*** Opening of Entries shown ***
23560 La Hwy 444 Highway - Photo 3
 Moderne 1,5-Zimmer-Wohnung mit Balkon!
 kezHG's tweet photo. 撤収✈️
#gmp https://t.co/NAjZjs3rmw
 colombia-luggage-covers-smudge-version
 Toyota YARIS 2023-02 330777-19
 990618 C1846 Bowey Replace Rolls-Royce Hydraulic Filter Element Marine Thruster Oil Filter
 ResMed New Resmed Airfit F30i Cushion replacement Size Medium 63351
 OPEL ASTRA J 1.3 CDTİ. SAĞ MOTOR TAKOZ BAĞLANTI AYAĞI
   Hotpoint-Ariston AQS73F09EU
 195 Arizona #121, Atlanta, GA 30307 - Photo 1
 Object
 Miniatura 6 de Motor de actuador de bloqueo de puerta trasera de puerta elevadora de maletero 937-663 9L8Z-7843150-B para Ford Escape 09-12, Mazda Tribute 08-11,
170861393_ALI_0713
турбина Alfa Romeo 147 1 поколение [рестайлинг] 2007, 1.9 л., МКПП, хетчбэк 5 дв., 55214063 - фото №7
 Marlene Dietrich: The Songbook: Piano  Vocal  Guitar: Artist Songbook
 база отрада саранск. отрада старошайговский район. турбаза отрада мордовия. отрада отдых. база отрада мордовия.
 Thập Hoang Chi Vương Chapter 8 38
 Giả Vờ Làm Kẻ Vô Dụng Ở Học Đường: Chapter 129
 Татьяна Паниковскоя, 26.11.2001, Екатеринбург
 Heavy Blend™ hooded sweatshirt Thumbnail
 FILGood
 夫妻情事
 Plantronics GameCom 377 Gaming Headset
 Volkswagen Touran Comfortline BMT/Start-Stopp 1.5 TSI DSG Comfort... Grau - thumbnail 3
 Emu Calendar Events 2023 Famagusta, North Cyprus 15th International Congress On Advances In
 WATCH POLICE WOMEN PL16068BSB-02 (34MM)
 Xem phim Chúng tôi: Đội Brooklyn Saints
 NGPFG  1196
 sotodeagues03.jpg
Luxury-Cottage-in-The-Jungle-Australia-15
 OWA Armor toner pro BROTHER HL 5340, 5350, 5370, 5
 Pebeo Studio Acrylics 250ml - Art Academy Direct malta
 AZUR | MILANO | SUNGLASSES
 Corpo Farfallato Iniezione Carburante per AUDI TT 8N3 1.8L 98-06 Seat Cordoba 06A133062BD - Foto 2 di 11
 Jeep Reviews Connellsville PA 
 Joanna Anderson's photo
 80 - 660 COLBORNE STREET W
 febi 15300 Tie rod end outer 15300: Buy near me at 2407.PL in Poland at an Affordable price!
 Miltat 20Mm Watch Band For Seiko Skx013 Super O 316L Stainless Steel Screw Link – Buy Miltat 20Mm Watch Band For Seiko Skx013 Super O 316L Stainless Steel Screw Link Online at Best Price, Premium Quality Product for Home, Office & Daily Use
*** Close of Entries shown ***
Your assignment →
Provide the number of lines in the listing where the string "Chapter" is found, and nothing besides.

Written reply →
2